Required work: With the pictures omitted, set down exactly the lines from the one that contains "CREATE/ WARM Towel" through the last line of the data.

Provided material:

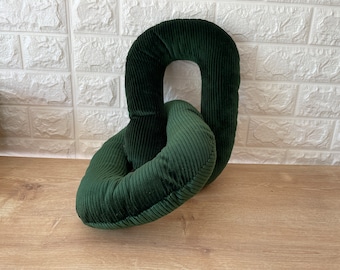 Forest Green Cord Velvet Chain Pillow, Knot Chain Pillow, Chain Link Pillow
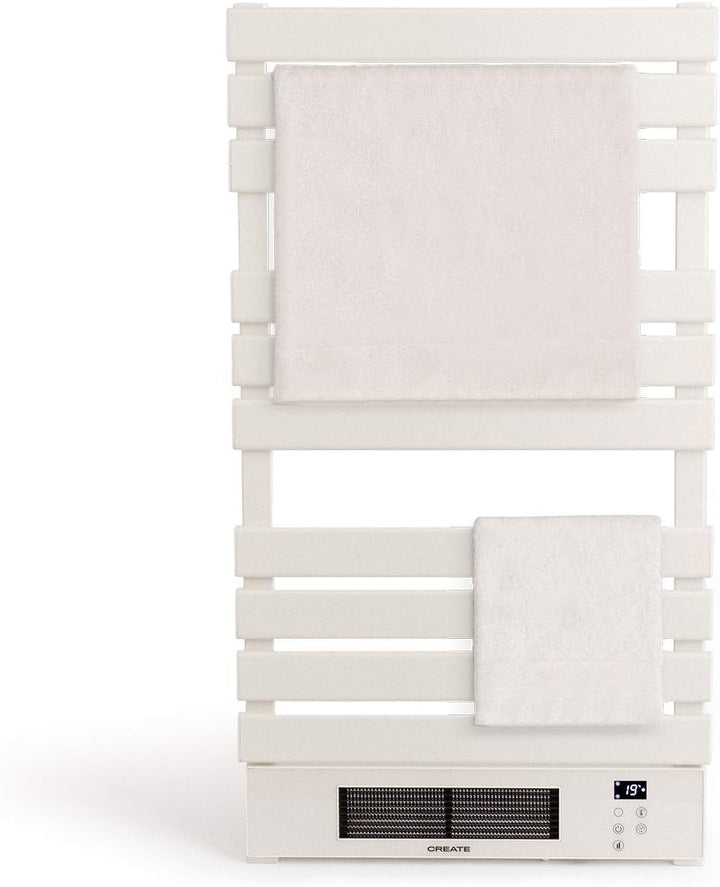 CREATE/ WARM Towel PRO/Badheizkörper Weiss mit Heizstrahler und Fernbedienung / 101x13x55cm / WLAN,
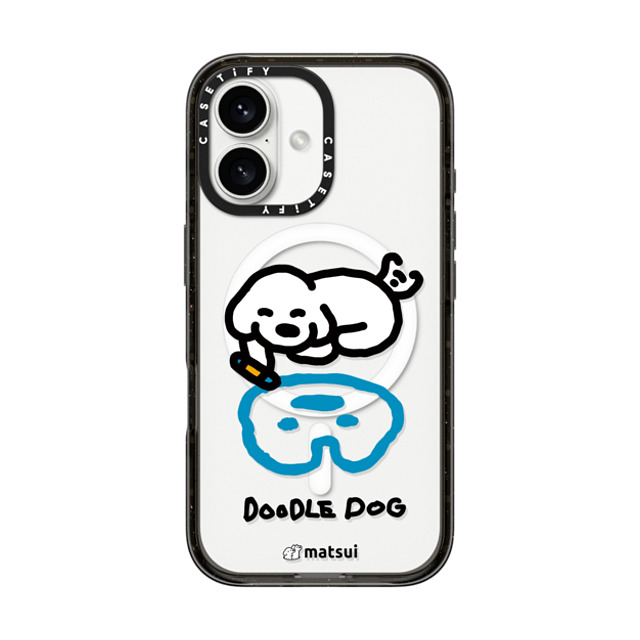 matsui x CASETiFY iPhone 16 ケース ブラック インパクトケース MagSafe対応 matsui - DOODLE DOG_A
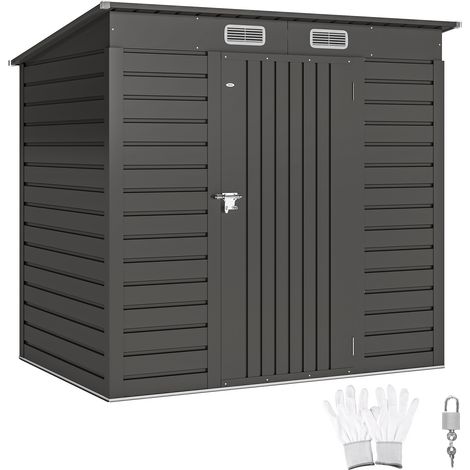 2,3 m² großer Gartenschuppen aus Stahl, abschließbarer Geräteschuppen, Abmessungen 191 x 130 x 166,5-183 cm, sicherer Aufbewahrungsort im Freien.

Result of the exercise:
 CREATE/ WARM Towel PRO/Badheizkörper Weiss mit Heizstrahler und Fernbedienung / 101x13x55cm / WLAN,
 matsui x CASETiFY iPhone 16 ケース ブラック インパクトケース MagSafe対応 matsui - DOODLE DOG_A
 2,3 m² großer Gartenschuppen aus Stahl, abschließbarer Geräteschuppen, Abmessungen 191 x 130 x 166,5-183 cm, sicherer Aufbewahrungsort im Freien.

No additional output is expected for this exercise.